BEGIN Records to use

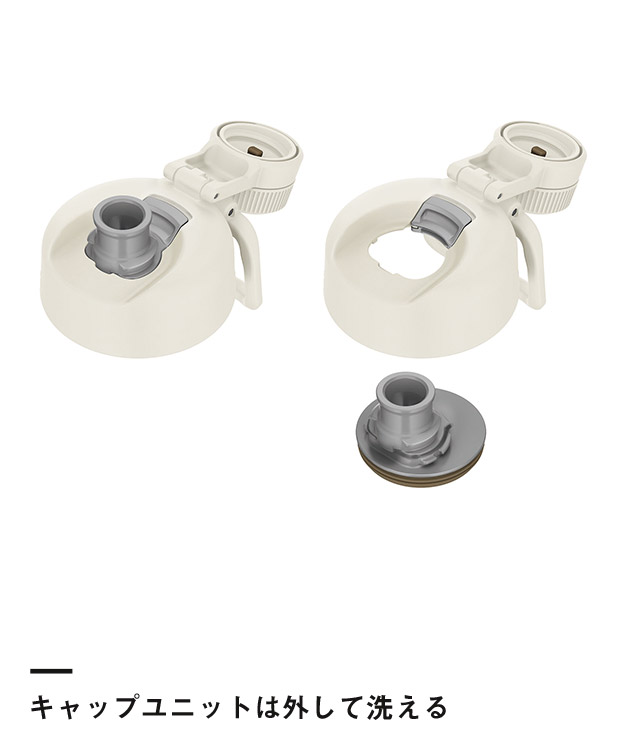 サーモス(THERMOS)真空断熱スポーツボトル 1500ml/FJU（FJU-1501）キャップユニットは外して洗える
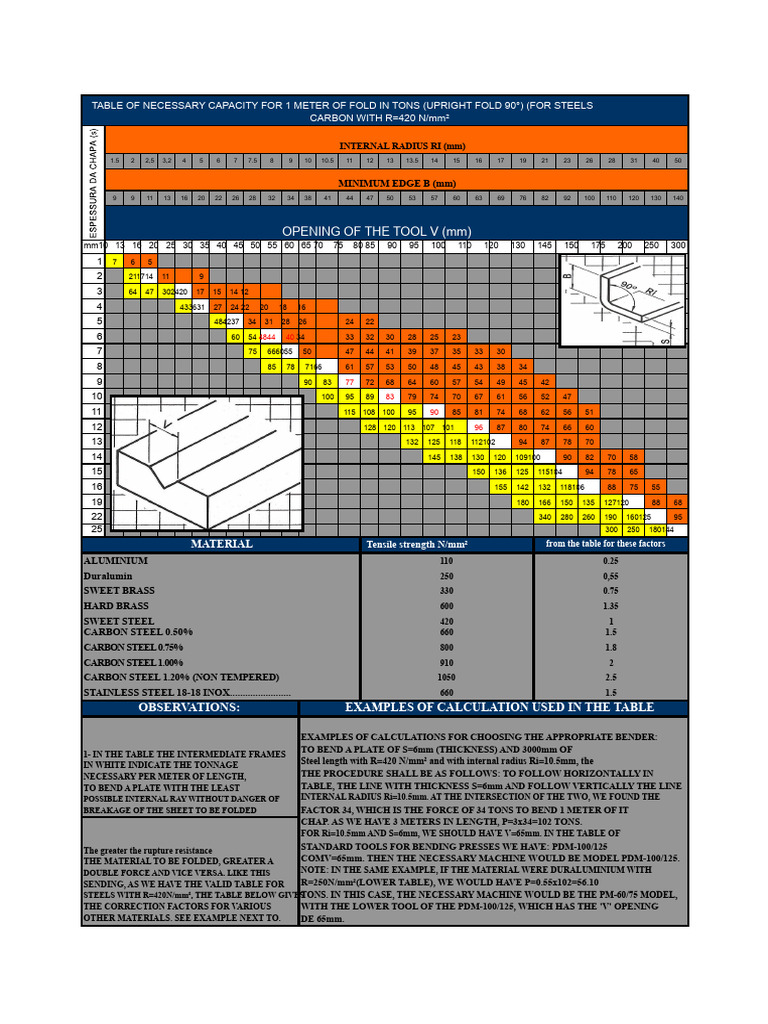 Bending Capacity Table for Steel Alloys | PDF | Materials | Industrial ...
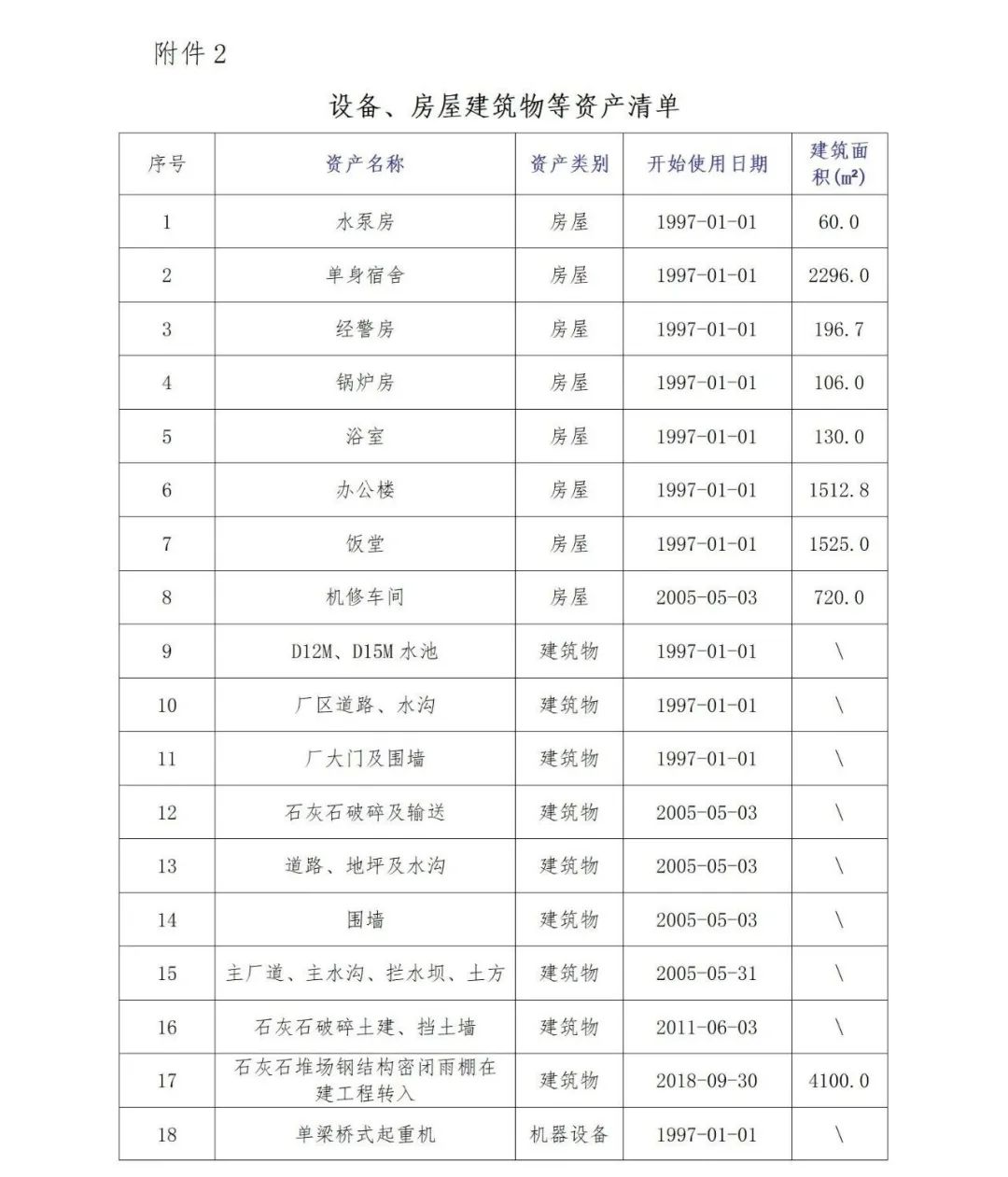 香港免费马资料最准的网站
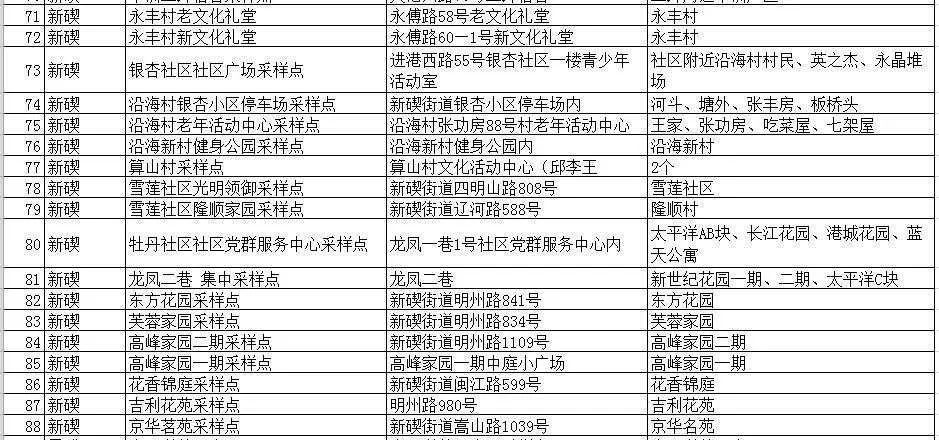 2024新奥正版资料大全,高速计划响应执行_soft85.334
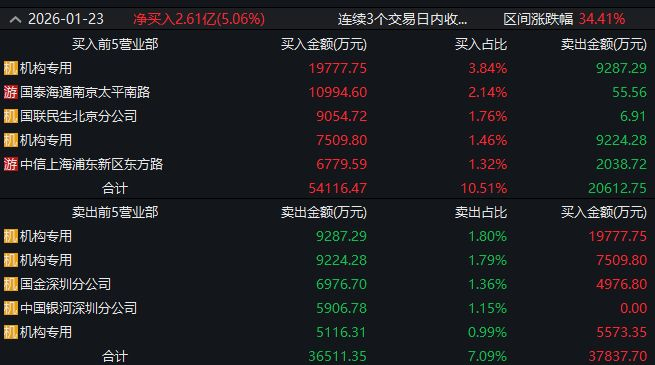  ▲图片来源：截图自Wind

END Records to use

▶ **Assignment**
Return every line above exactly, omitting images.

▶ **Task result**
 サーモス(THERMOS)真空断熱スポーツボトル 1500ml/FJU（FJU-1501）キャップユニットは外して洗える
 Bending Capacity Table for Steel Alloys | PDF | Materials | Industrial ...
 香港免费马资料最准的网站
 2024新奥正版资料大全,高速计划响应执行_soft85.334
  ▲图片来源：截图自Wind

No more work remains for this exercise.